▸ Problem statement
Find every line below that contains the word "Image" and copy it out.

▸ Supplied records
++++++++++

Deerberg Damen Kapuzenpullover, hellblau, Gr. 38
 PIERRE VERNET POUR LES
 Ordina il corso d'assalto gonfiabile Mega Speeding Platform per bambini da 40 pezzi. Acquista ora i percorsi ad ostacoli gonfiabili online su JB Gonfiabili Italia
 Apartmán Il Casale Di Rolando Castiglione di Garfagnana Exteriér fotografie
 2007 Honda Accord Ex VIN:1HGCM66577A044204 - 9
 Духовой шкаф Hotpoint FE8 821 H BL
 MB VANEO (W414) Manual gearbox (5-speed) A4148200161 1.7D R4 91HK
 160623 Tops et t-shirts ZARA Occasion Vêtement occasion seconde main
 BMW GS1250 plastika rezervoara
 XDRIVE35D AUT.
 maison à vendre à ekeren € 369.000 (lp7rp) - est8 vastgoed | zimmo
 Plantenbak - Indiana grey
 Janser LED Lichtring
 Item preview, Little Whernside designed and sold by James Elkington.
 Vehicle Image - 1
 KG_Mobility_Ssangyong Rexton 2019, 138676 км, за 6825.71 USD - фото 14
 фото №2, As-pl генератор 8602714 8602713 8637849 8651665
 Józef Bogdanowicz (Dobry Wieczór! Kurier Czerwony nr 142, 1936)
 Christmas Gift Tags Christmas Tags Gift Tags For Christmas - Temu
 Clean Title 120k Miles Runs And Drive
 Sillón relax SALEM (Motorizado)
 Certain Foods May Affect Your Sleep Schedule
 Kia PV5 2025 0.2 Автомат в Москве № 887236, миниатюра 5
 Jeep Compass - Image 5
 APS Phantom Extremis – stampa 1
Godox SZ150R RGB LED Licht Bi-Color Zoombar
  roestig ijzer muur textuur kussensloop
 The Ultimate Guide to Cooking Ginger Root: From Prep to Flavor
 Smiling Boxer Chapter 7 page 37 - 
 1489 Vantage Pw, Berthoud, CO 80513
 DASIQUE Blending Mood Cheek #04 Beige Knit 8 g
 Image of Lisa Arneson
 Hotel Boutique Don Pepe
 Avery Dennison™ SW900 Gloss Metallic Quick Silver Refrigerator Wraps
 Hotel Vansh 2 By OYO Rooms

++++++++++

▸ Solution to the exercise
 Vehicle Image - 1
 Jeep Compass - Image 5
 Image of Lisa Arneson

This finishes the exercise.